Because it is a special challenge, this final part is a bit different from the rest:
- The beats are slower: instead of waiting a half note, the player must now wait a full bar. This means that they have to listen to full melodies and then repeat them.
- The Final ends after 16 bars: No score based on the player's input. It is a true survival mode, with a linear progression. This challenge ends when the music says so!
- Any mistake makes you fall down to the previous layer: Still sudden death. You must complete it with no failure!
So it's still a punishing challenge. Losing it not only means that you have to complete it again from the start, but it also means that you have to do the previous layer all over again! Oof. But it is actually not that hard as it seems.

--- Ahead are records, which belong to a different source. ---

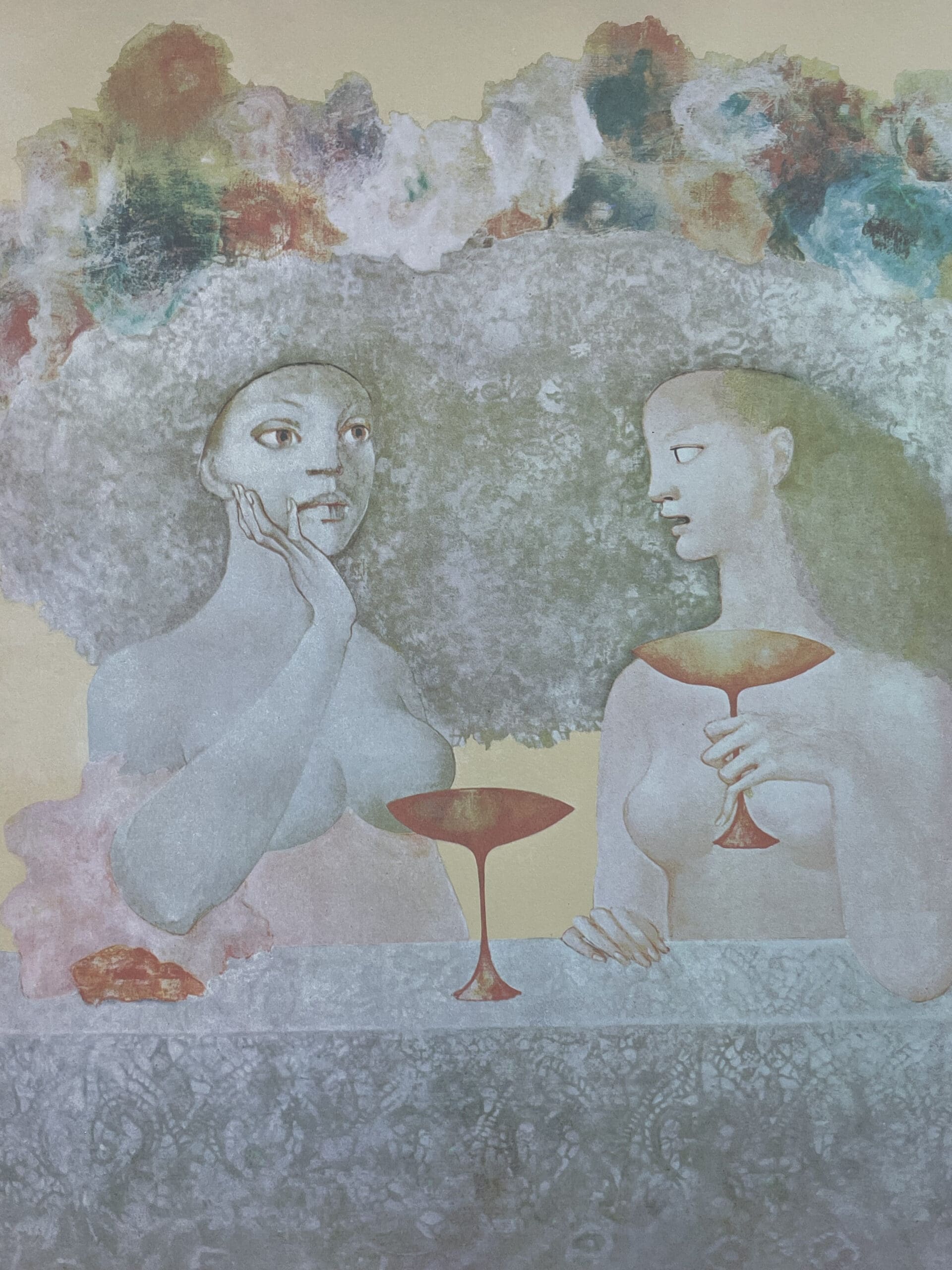 Rare Screenprint by Leonor Fini, Circa 1970 – The Flowery Hats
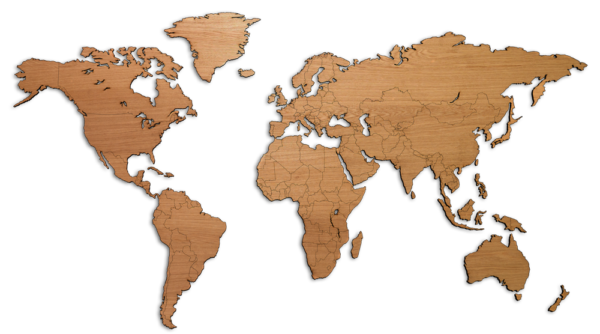 The magnetic MapaWall European Oak world map with country borders and matt varnished.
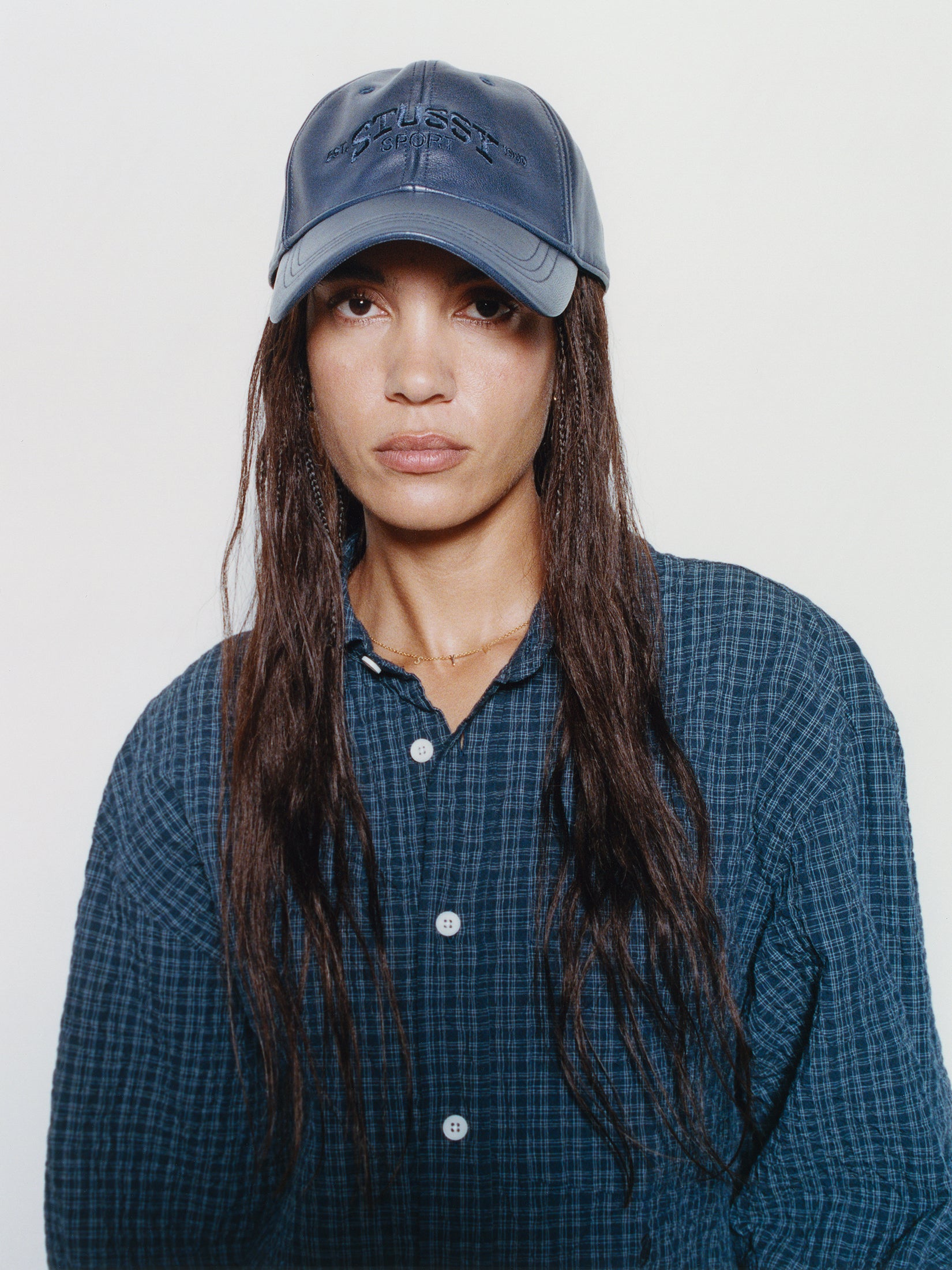 Stussy Headwear Sport Leather Cap berretto pelle Navy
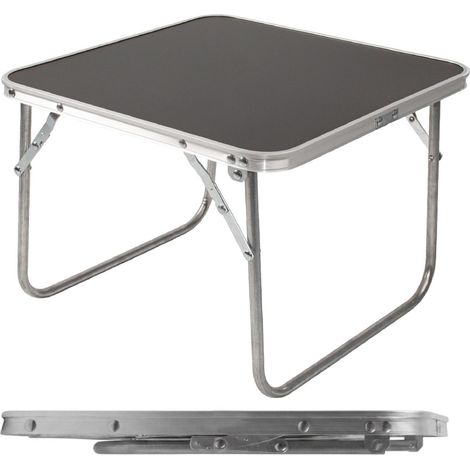 Mini Alu Campingtisch schwarz klappbar - 40 x 40 cm - Outdoor Klapptisch klein Belastbarkeit bis 15 kg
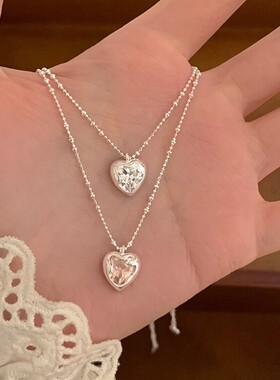 甜美粉色爱心吊坠项链女简约时尚百搭气质锁骨链ins风小清新颈链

Because the notes are slower, and unlike previous layers don't play on top of each other. In the end it's mostly a Simon Says. Plus, I selected the melodies to make sure that they're easy to memorize. Overall, this layer is easier than the previous two! Although it's likely that stress alone will encourage players to make mistake, I believe that with perseverance, they'll eventually manage to pass this wall. It's the end of the level after all (not to say the game, since it'll be the only one for a while), so it's expected to face difficulty here.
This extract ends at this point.